The photo of Joe surrounded by what is likely huge amounts of Broadway ephemera is nothing but a cluttered closet compared to how the Collyer Brothers lived. They were the famous hoarders who in the 1940s stuffed their East Harlem mansion with so much clutter that they were found dead buried in it, 15 days apart. A news report from the era gives you a small idea of their hoarding.

On March 21, 1947, an anonymous tip sent authorities to the Collyer brothers' mansion in Harlem. NYPD officers found the dead body of one of the brothers amongst the 120 tons of trash they had collected. It would be another 15 days before authorities found the other brother buried underneath a collapsed pile of trash

Joe didn't shoe-horn a piano and large parts of a car into his office, and at least he was able to move around and go in and out. The brothers were hoarders as well as reclusive. At one point Joe had a restaurant in the theater district where he greeted the theater-going crowd with stories and sometimes risqué jokes.

My own working space here at home is called the "computer room." There are two desks and a desktop computer where the writing is done. The room is filled with so many pictures there is no more wall space to hang them from. The floor serves an easel for the overflow.

My wife calls me a hoarder, but I think that word overstates my proclivity for saving newspaper clippings. There are boxes of saved clippings that I admit I will probably never go through, but that I still want. She managed to convince me that she could toss one of the boxes found in a small closet to make room for Christmas stuff. I have no idea what I'm missing, but I still feel a bit of pain that I no longer have that box. I'm convinced it held many Russell Baker Observer columns. Oh well.

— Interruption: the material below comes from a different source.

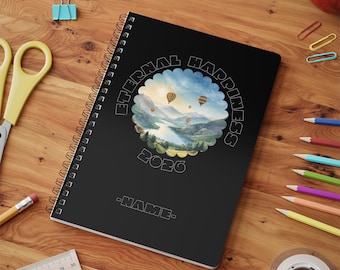 Eternal Happiness 2026 notebook Personalized JW Convention note pad Custom Name Bible Verse Notebook Jehovahs Witness gifts for baptism JW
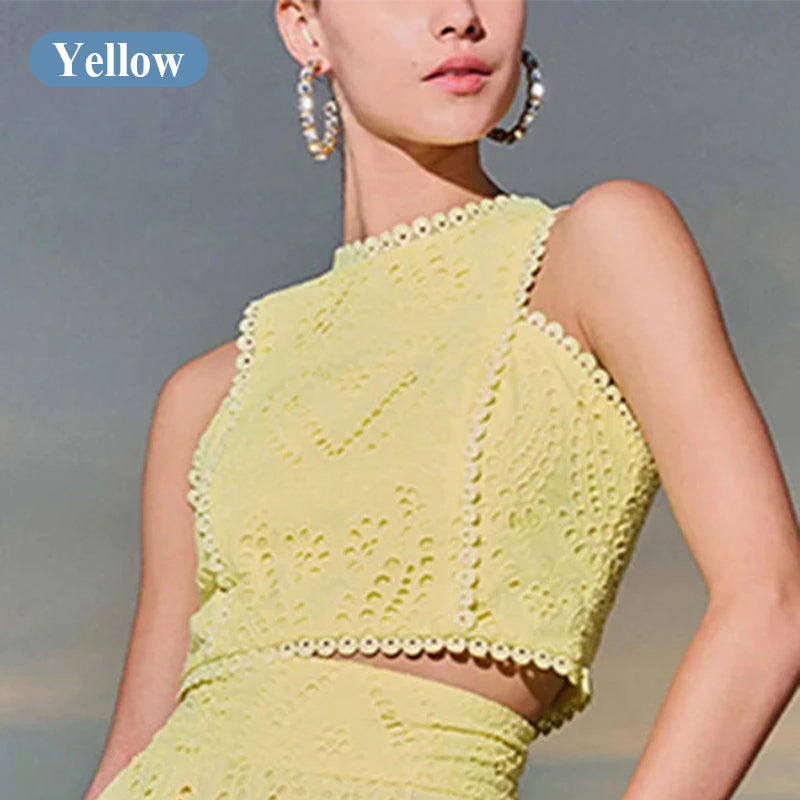 Kratka majica s izvezenom čipkom Paris Dreaming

I still actively clip newspaper stories, in particular ones that have lead me to write a posting, like the recent obituary for William Whitworth.

Mr. Whitworth apparently worked at The Herald Tribune back in the day with Jimmy Breslin, Tom Wolfe and Dick Schaap. I still miss The Herald Tribune: news, sports, editorial cartoons and just plain cartoons. To this day I still miss Our Miss Peach.

The Herald Tribune wobbled after the 114 day newspaper strike by the typesetters in 1962-1963. The president of Typographical Union No. 6, Bertram Powers, knew the typesetter jobs were doomed by the advancing ability of a computer that could direct the formation of type rather than huge, clunky linotype machines. Word processing as we know it was coming to the newspaper industry.

Up till then New York City had 8 dailies. Mergers occurred after, one coming from the combination of The Herald Tribune, World Telegram &Sun, and the Journal American: The World Journal Tribune.

A New Yorker cartoon of the era (This was NOT easily copied, despite owning two discs of complete New Yorker cartoons.) showed a massively elongated news truck that resembled the longest of stretch limos with the words World Journal Tribune... on the side. Nightly news that was 15 minutes at 11 o' clock went to a half hour. The dawn of televised news was creeping up over the horizon. Print news media has been shrinking ever since.

Mr. Whitworth however wasn't out of a job. The became a highly respected editor at The New Yorker and The Atlantic. He also wrote profile pieces, like the one he did of Joe Franklin. He might have been the only person who could tolerate The New Yorker's prickly editor William Shawn without resorting to physical violence.

For myself, I never heard of Mr. Whitworth, shown in the obit seated below a blowup of his Joe Franklin profile piece, appropriately holding a pencil for editing. I've read plenty of pieces by Robert Caro, Pauline Kael and other writers he's edited, but never knew of the man behind the curtain.

How nice it would have been to meet him. It's never going to happen now, but I would love to see what a top-flight editor would do to my postings. I might be advised to just concentrate on my other hobbies.